CAESONIA, se dégageant. – Qu'est-ce qui te prend ?
CALIGULA, imperturbable. – L'ordre des exécutions n'a, en effet, aucune importance. Ou plutôt ces exécutions ont une importance égale, ce qui entraîne qu'elles n'en ont point. D'ailleurs, ils sont aussi coupables les uns que les autres. Notez d'ailleurs qu'il n'est pas plus immoral de voler directement les citoyens que de glisser des taxes indirectes dans le prix de denrées dont ils ne peuvent se passer. Gouverner, c'est voler, tout le monde sait ça. Mais il y a la manière. Pour moi, je volerai franchement. Ça vous changera des gagne-petit. (Rudement, à l'intendant.) Tu exécuteras ces ordres sans délai. Les testaments seront signés dans la soirée par tous les habitants de Rome, dans un mois au plus tard par tous les provinciaux. Envoie des courriers.

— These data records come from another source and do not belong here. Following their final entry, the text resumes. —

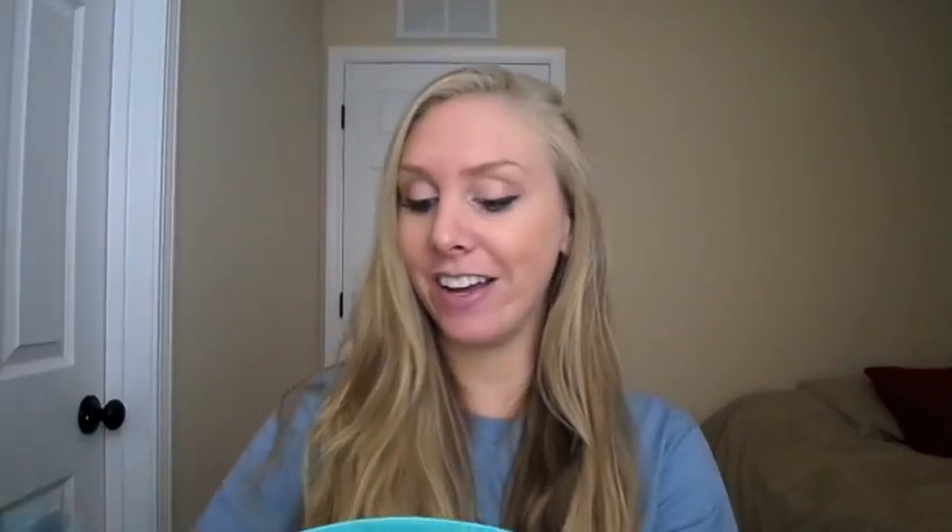It's a really cute print — I love it. And then the Target bag also had just tons of coupons and all sorts of things. I really loved this little gift from Target; it was really nice. So that's what I got in the gift bags.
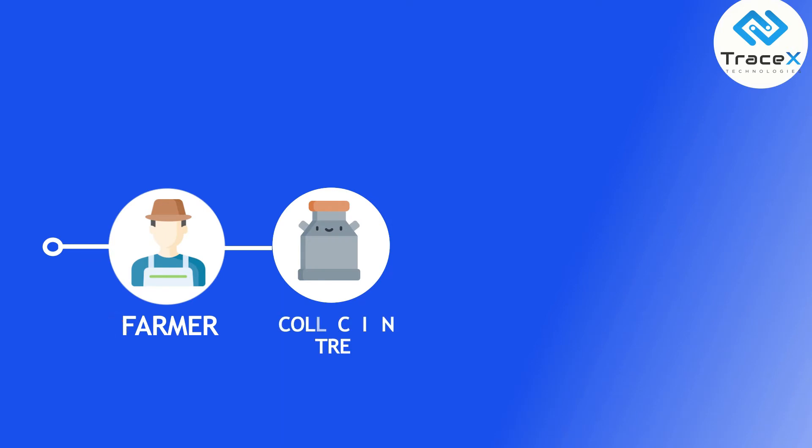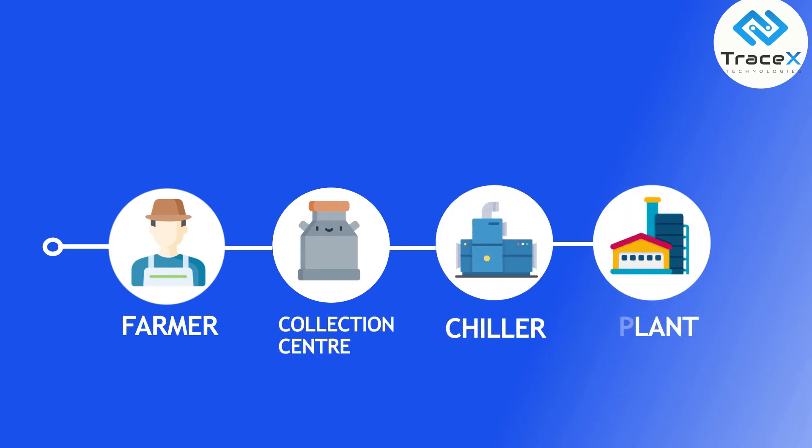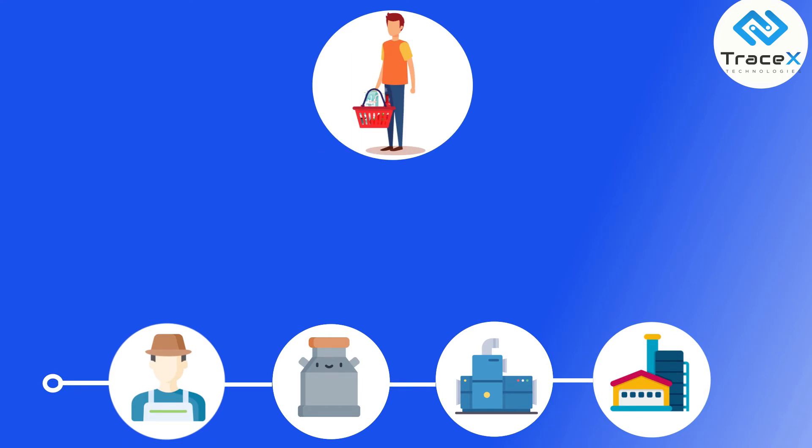For example, dairy farmer to collection center, to the bulk milk chiller, and finally to the plant where it is packed and sent to the end consumer.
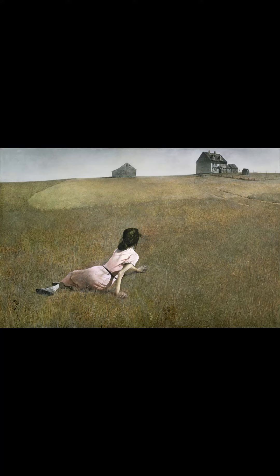Do you know what famous painting appears in the movie Oblivion starring Tom Cruise? It is a 1948 painting by the American painter Andrew Wyeth. The title is Christina's World and is part of the sci-fi film Oblivion, 2013.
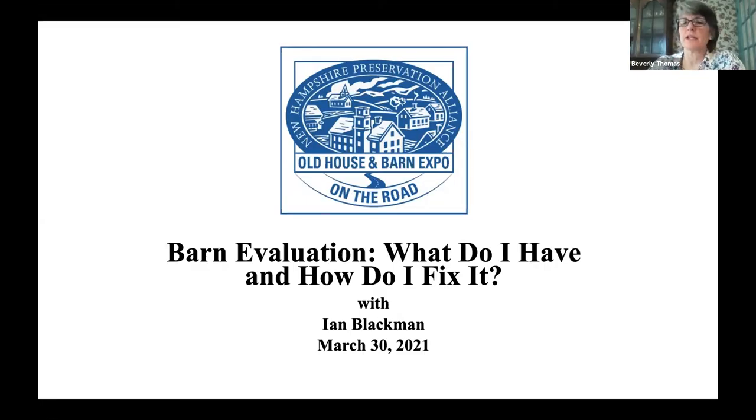Welcome everybody to our virtual gathering presented by the New Hampshire Preservation Alliance, the statewide membership-based historic preservation organization. My name is Beverly Thomas and on behalf of the Preservation Alliance, I'm pleased to welcome you to Barn Evaluation: What Do I Have and How Do I Fix It with Ian Blackman. This program is the second in our new series called Old House and Barn Expo on the Road.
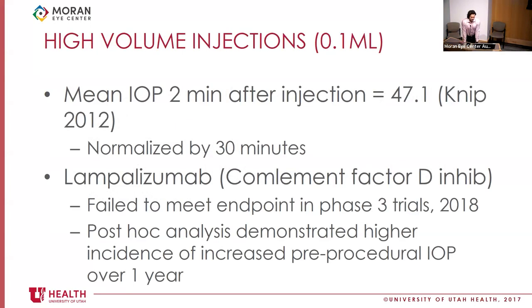When we get into higher-volume intravitreal injections, historically other drugs have been tried. A 2012 study investigating a drug given at 0.1 mL volume found that the mean IOP two minutes after injection was 47.1 mmHg. This had normalized by 30 minutes on average, but very large short-term spikes were observed. Lampalizumab, a complement factor D inhibitor that failed to meet its phase 3 endpoints, published a post-hoc analysis this year demonstrating a higher incidence of increased pre-procedural IOP over one year.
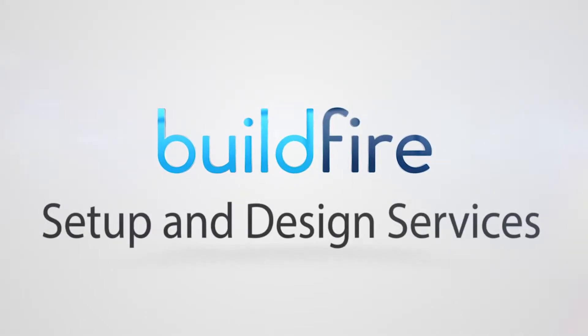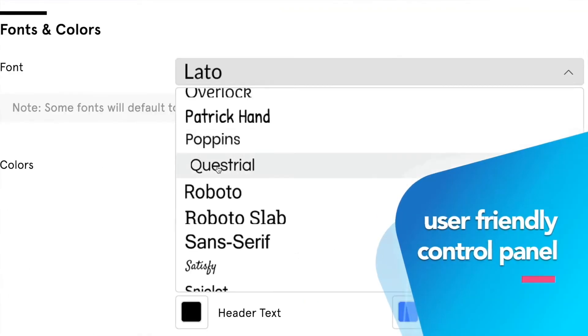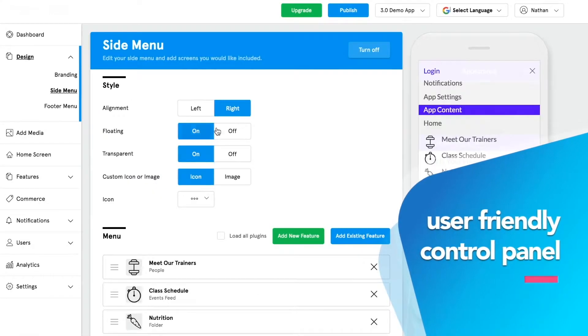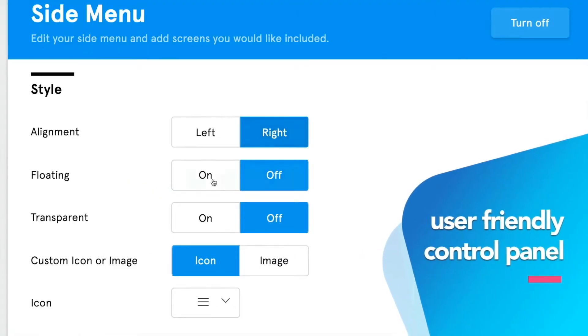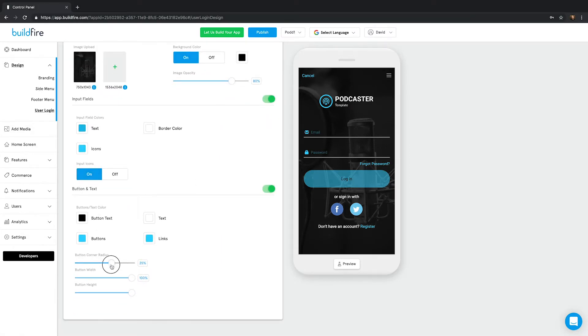Thankfully, we have a solution: the BuildFire Setup and Design Services. The BuildFire platform already has all the functionality built out. This means our Setup and Design team can focus on pulling in the functionality that you need and making your app look great.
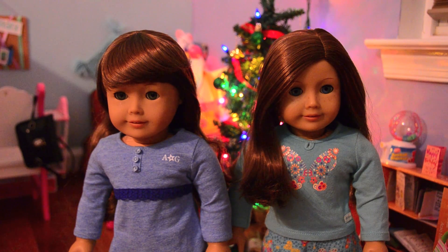Hey everyone, it's Five Doll Stars, and today Molly, Crystal, and I are here to give you a 2013 Christmas haul video. Let's get started with American Girl things first.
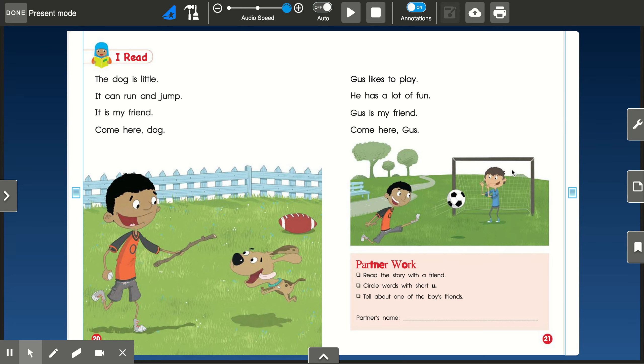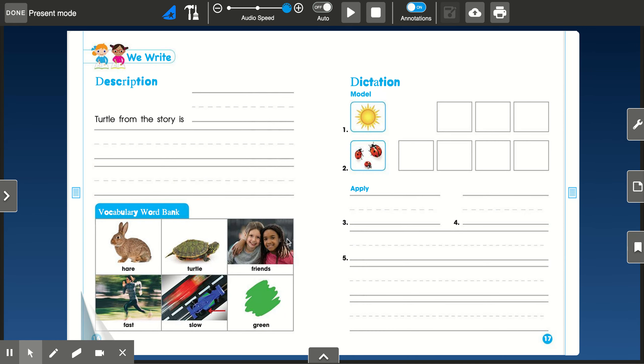All right, friends, now I need you to circle all of the words with the short U sound, and after you finish that, I want you to go back to page 17 and complete this page, take a picture of it, and submit it to your Seesaw journal. Have fun.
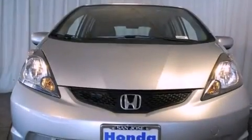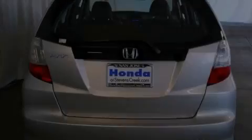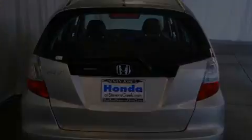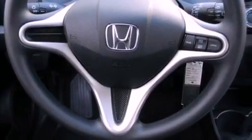Features include a split folding rear seat, cruise control, a rear window defroster, a CD player, a passenger side vanity mirror, a security system, a traction control system, an anti-lock braking system, a keyless entry system, and air conditioning.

L'INTENDANT. – César, tu ne te rends pas compte...
CALIGULA. – Écoute-moi bien, imbécile. Si le Trésor a de l'importance, alors la vie humaine n'en a pas. Cela est clair. Tous ceux qui pensent comme toi doivent admettre ce raisonnement et compter leur vie pour rien puisqu'ils tiennent l'argent pour tout. Au demeurant, moi, j'ai décidé d'être logique et puisque j'ai le pouvoir, vous allez voir ce que la logique va vous coûter. J'exterminerai les contradicteurs et les contradictions. S'il le faut, je commencerai par toi.
L'INTENDANT. – César, ma bonne volonté n'est pas en question, je te le jure.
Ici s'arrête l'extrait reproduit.